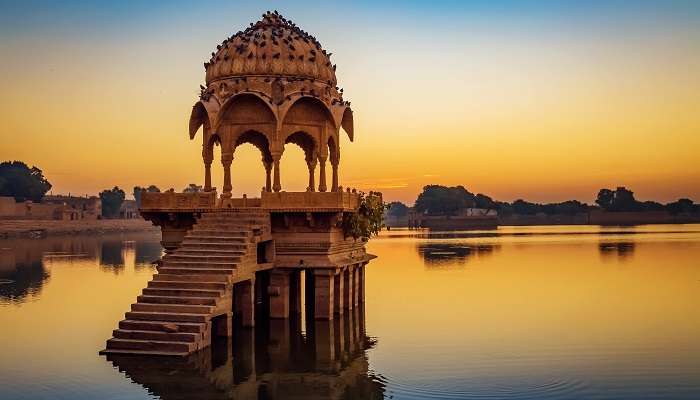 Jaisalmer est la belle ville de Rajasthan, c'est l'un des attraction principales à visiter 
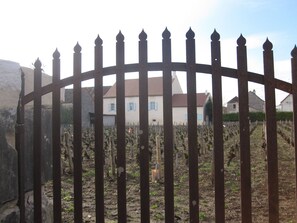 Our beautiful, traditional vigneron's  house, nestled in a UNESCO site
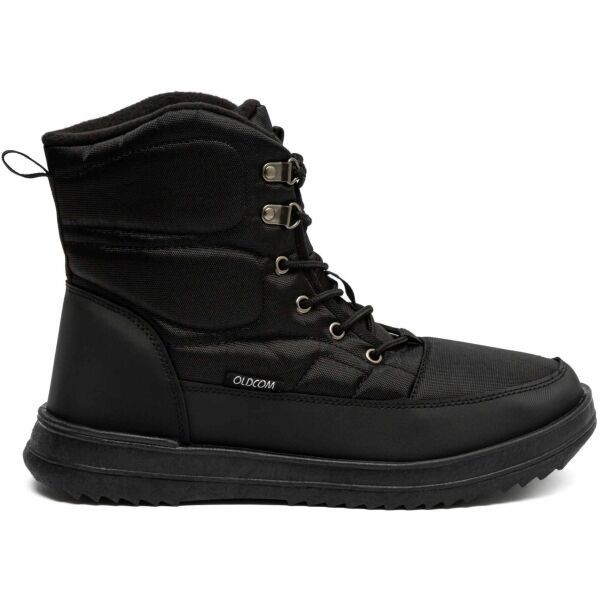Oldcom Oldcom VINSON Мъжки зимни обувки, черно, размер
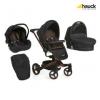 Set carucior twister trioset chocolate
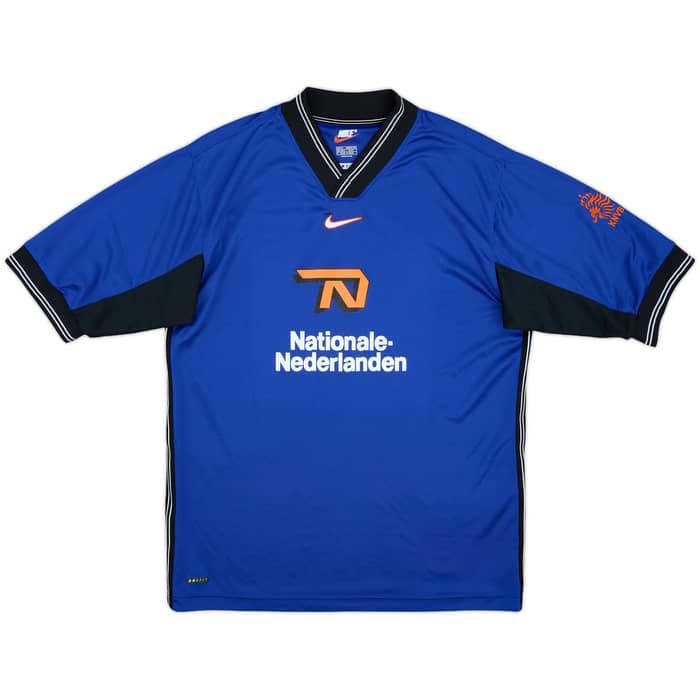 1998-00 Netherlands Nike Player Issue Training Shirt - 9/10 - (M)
####
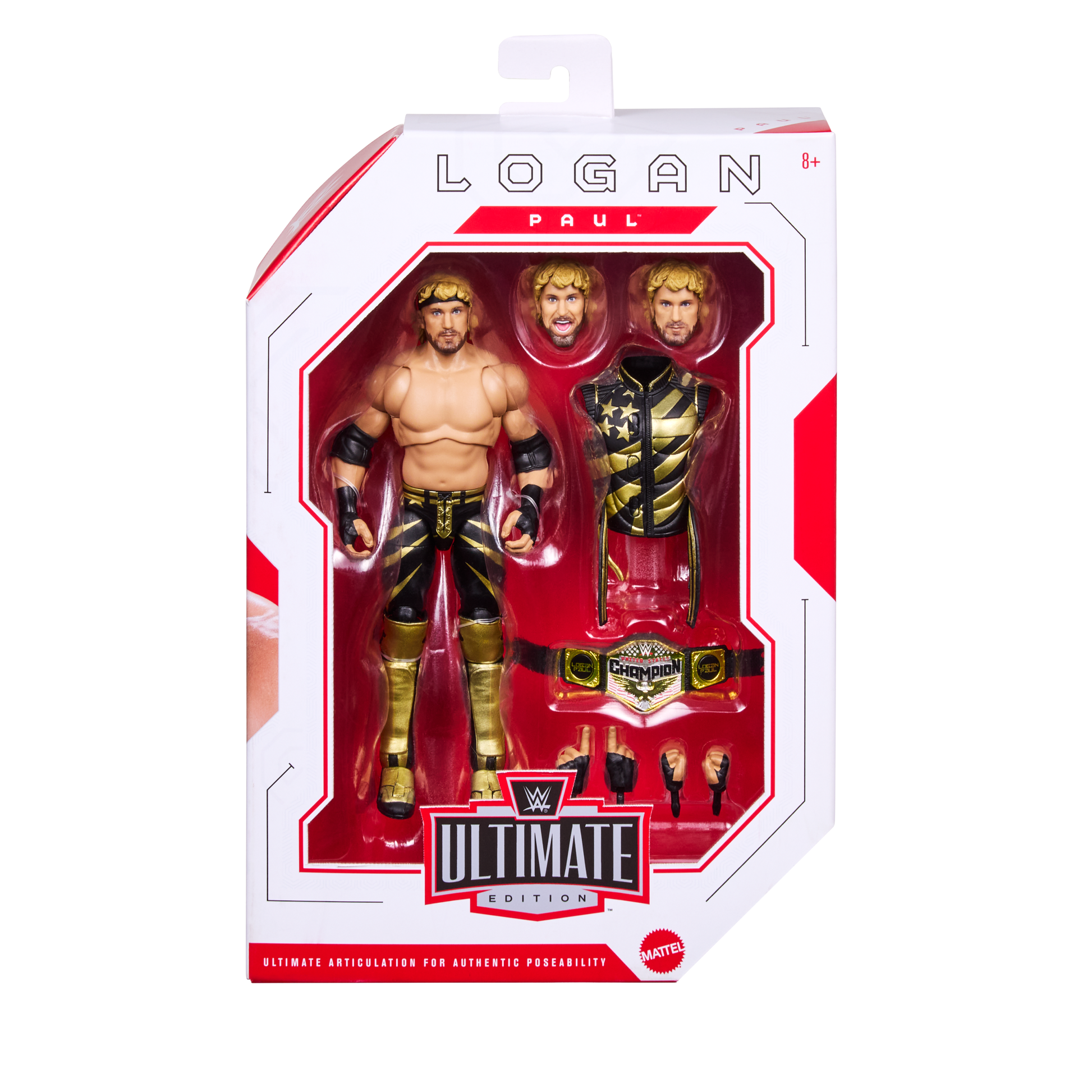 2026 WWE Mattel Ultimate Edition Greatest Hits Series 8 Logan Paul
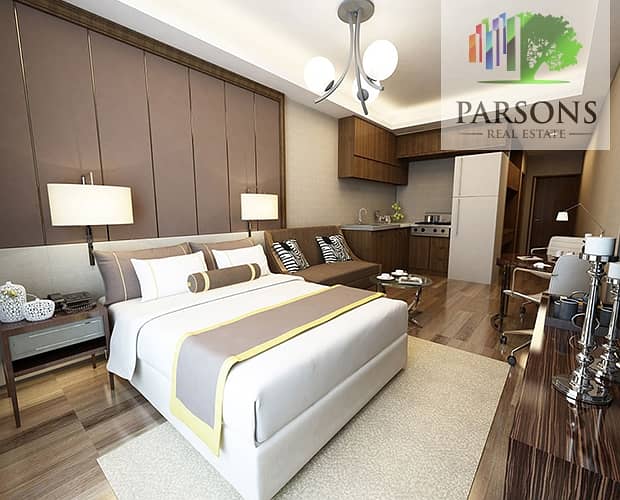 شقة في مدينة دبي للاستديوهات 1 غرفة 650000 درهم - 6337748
####
— WHAT TO DO —
Out of the records above, set down only the lines from the one that contains "Oldcom Oldcom VINSON" through the one that contains "1998-00 Netherlands Nike", unchanged and without the pictures.

— REPLY TO THE EXERCISE —
Oldcom Oldcom VINSON Мъжки зимни обувки, черно, размер
 Set carucior twister trioset chocolate
 1998-00 Netherlands Nike Player Issue Training Shirt - 9/10 - (M)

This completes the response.